One Critical Adjustment Each Miami Heat Player Must Make in 2012-13
There is no in-between in today's NBA. You either get better, or you get worse.
In order for the Miami Heat to successfully defend their NBA championship, it's going to take a collective effort.
From LeBron James to James Jones, everyone on the Miami Heat roster must make an adjustment.
Individually for the Heat, there are facets of each player's game that can be improved to better fit the overall mission.
They will need to make those adjustments, as the other teams in the NBA prepare to give the defending champs their best shot every single time they step on the court.
At least 80 percent of Ray Allen's field-goal attempts must come from three-point range this season.

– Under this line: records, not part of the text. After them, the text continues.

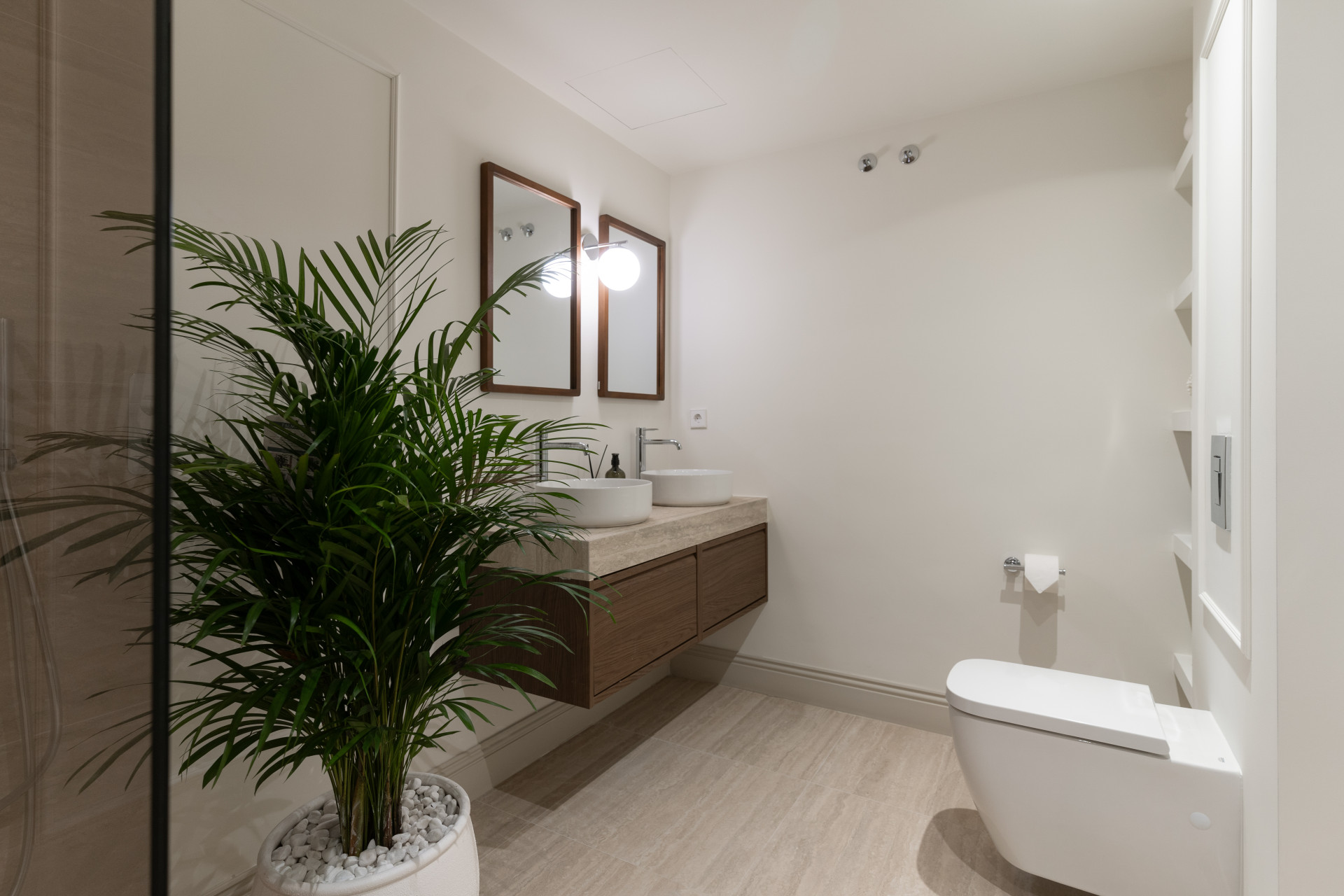 4 Bedroom Townhouse in Benahavís - Photo 24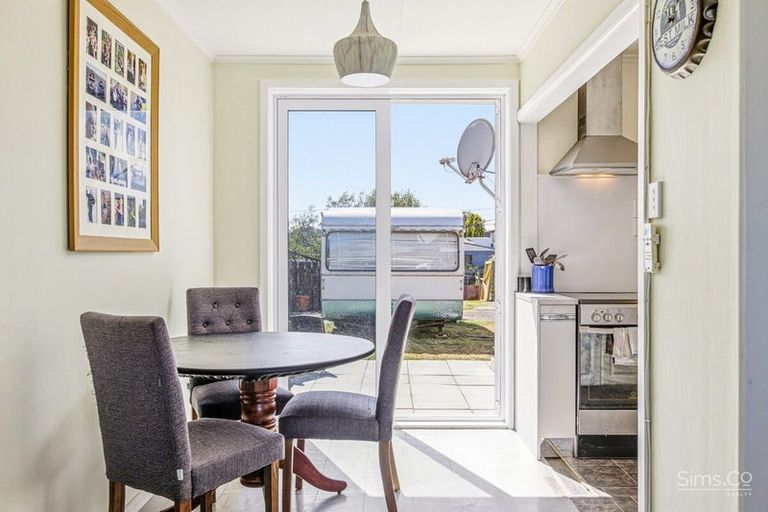 Photo of property in 25 Ruapehu Street, Castlecliff, Whanganui, 4501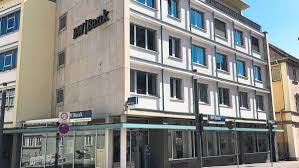 Finde hier alle informationen der bw bank filiale marktplatz 10 in reutlingen (72764). Bw Bank Filiale Bleibt Trotz Schliessungen Schwenninger Standort Wird Gestarkt Villingen Schwenningen Umgebung Schwarzwalder Bote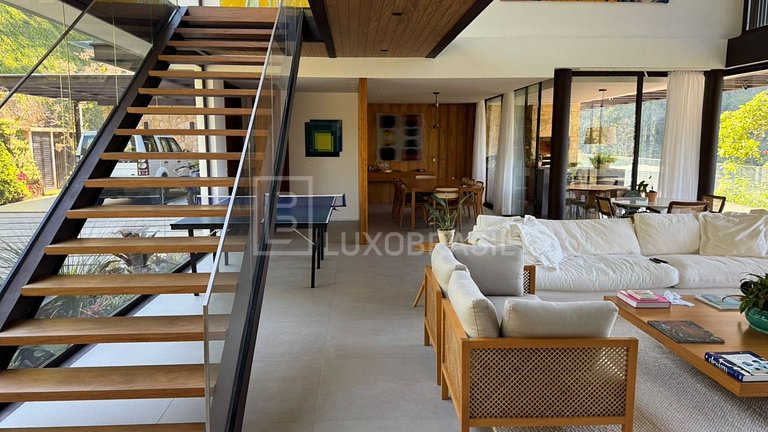 SE18 – 6-Suite House | Seasonal Rental in Itaipava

There's room in the Miami Heat offense for Allen to take around 10 shots per game. He gives his new team the best chance to win by taking eight of those shots from behind the arc.
Allen has been trending upward in three-point field-goal percentage during each of his last two seasons in Boston. He hit for a career high of 44.4 percent in 2010-11 only to improve to 45.3 last season.
This year, he figures to have the opportunity to attempt more wide open three-point shots than ever. He needs to shift his offensive game almost exclusively behind the arc in order to increase the number of three-point shots he's able to take.
If he shoots them, they'll go in. He's Ray Allen.
Defense, rebound, get out of the way.
Joel Anthony can continue to add value by not trying to do any more than that this season.
Now more than ever, with Andrew Bynum posting up in the Eastern Conference, every ounce of energy Joel Anthony spends on the court needs to be expended defending the basket, especially if Miami ends up squaring off with Dwight Howard and the Los Angeles Lakers in the NBA Finals.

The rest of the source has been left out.